How social thinking develops in typically developing children

Children with social learning challenges: either neglected when young (under-stimulated) or born with neurological impediments.

Shared emotions happen early in life: e.g., infants know how to feel by watching their parents' faces; baby coos and mom smiles, baby frowns and mom frowns; something scary happens and baby looks at mom's face to see if things are okay. Eye-contact occurs as early as 3-4 months. Eye gaze for engagement evolves into instrumental eye gaze designed to accomplish a goal. Infants are able to imitate facial expressions. Babies at 14 months able to recognize when they are being imitated. Theory of mind develops: e.g., baby tastes something bitter, makes face; later sees adult make same face, infers that they ate something bitter.

Joint attention: at 9 months, babies will follow the head turn of others to see what they're looking at even if that person's eyes are close; at 10-11 months they will only look at that object if the other person's eyes are open. At 12 months, babies learn about pointing, that they can direct someone's attention by pointing to something. By 18 months they understand that they might have different desires than others.

Cooperation: develops at 14-18 months; involves shared goals, shared attention, shared plan, ability for perspective-taking. Babies as young as 20 months show an innate desire to cooperate and help.

Self-regulation and executive functioning. EF skills enables us to set a goal, plan for goal, accomplish goal. Self-regulation skills allow us to carry through with our goals. Toddlers at 2 years begin to set goals. At 3 years children should have the self-control skills needed to participate in a group.
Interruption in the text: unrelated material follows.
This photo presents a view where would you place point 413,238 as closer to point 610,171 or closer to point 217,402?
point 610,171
Theory of mind. Children at 4 have a theory of mind, understand that they have different thoughts than others.

Cooperative play involves acting out a pretend episode and the ability to make sense of what your play partner is doing. Children develop the ability to read the plan of another at 24 months. Cooperative play = playing with others. Collaborative play = make a joint plan, share their imagination with the other. Types of play:
  • Solitary pretend play, 19-22 months
  • Parallel play (I am aware you are doing things and I am doing things but we are not interacting)
  • Associative play, 24-36 months (when a group of toddlers are all doing the same thing, sharing materials, or hanging out in the same play area, but there is no planning or dialogue about who will do what and who will play which role)
  • Neurotypical learners at age 4 are able to share in the imagination of others, build on their ideas, etc. They have the flexibility needed to incorporate the ideas of others into their own play scheme.